Il devient de plus en plus courant de ne pas cacher ce côté personnel de vous-même. D’une certaine manière, les femmes dirigeantes en politique peuvent contrôler le récit si elles ne cachent pas les faits, ou elles pourraient même en faire un aspect positif de leur mandat.
Michelle Bachelet, qui a été présidente du Chili de 2006 à 2010 puis de 2014 à 2018, était une mère célibataire. Lorsqu’elle s’est présentée aux élections, elle a obtenu beaucoup de soutien de mères célibataires et de mères qui travaillent, qui ont compris ce que c’est que d’être dans la même situation.
Mais généralement, les femmes qui occupent des postes de pouvoir doivent trouver un équilibre de manière à ne pas paraître trop dures et trop agressives, car elles se feront frapper pour cela.

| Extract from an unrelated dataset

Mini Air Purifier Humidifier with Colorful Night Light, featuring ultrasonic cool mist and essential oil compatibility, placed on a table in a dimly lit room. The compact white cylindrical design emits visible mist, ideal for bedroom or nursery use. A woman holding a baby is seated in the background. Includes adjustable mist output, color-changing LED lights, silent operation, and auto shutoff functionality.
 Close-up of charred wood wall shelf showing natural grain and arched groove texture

S’ils sont considérés comme trop doux et émotifs, ils seront également critiqués pour cela. Il n’y a pas de moyen facile de contourner cela.
Farida Jalalzai, professeur de sciences politiques ; Doyen associé du Collège des arts libéraux et des sciences humaines, Virginie Tech
Cet article est republié de The Conversation sous une licence Creative Commons. Lire l’article d’origine.